Dispatches | April 27, 2007
Lawn Envy
It happens every spring. On my early morning walks around my bucolic neighborhood, I begin to notice it. I try to divert my gaze and stay focused on the road ahead of me, but out of the corner of my eye I see it, everywhere. Envy that has been dormant all winter wells-up inside of me. I can hardly take it. I want to scream, “Why does everyone have a better lawn than me?”
It’s a fact; I have the second worst lawn on my street. My across-the-street neighbor John’s lawn is slightly mangier than my own, but he has an excuse. Last year, he bought a bad batch of clayish dirt; now nothing on his corner lot will grow. His barren yard fills me with delight.

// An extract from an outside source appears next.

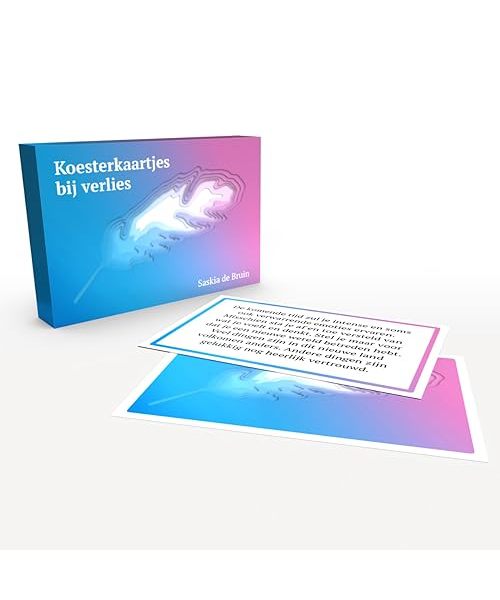 Koesterkaartjes bij verlies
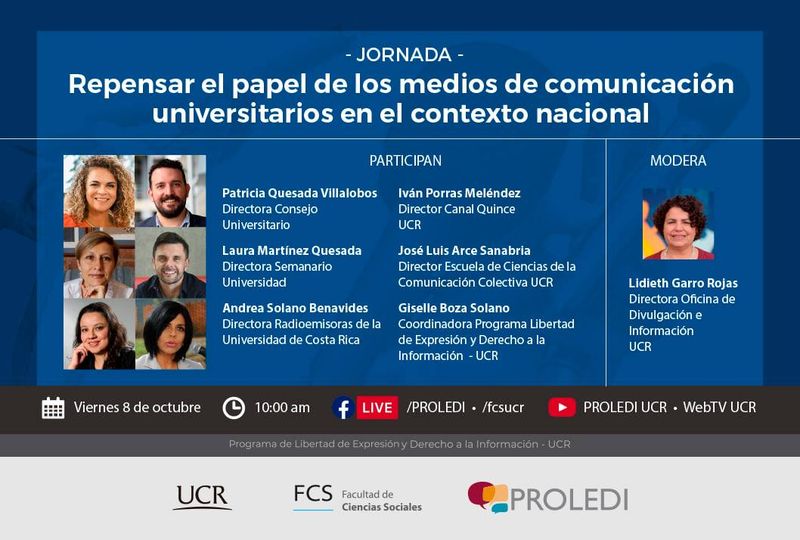 Repensar el papel de los medios de comunicación universitarios en el contexto nacional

Every spring, I spread new seed and fertilize and sweet blandishments. Unfortunately, from year to year, I forget the type of seed I planted. Now I have crop patterns in a bizarre sort-of-Celtic design. Swirls of dark green hardy-bladed grass is traced by wispier, nearly neon strands.
After a little quick research, I learned that lustrous grassy lawns didn’t exist in America until the late 18th century. Instead, the area off the front door of a typical home was mostly packed dirt, maybe a few mixed flowers. Packed dirt I can do; a few flowers maybe.
It was our desire to model ourselves after English aristocracy and the grand, sweeping expanse of green of their country estates that led to grass lust in America. Unfortunately, due to a difference in climate, imported English seed was a bust. Quickly, scientists concocted a fertile mix of Bermuda grass from Africa, blue grass from Europe, and fescues. None of which seems to want to grow in my yard.
The American Garden Club’s definition of an appropriate type of lawn is “a plot with a single type of grass with no intruding weeds, kept mown at a height of an inch and a half, uniformly green, and neatly edged.” In my dreams.
Today, U.S. homeowners spend over $17 billion their yards and gardens. A large chunk of the money comes from the pockets of my neighbors.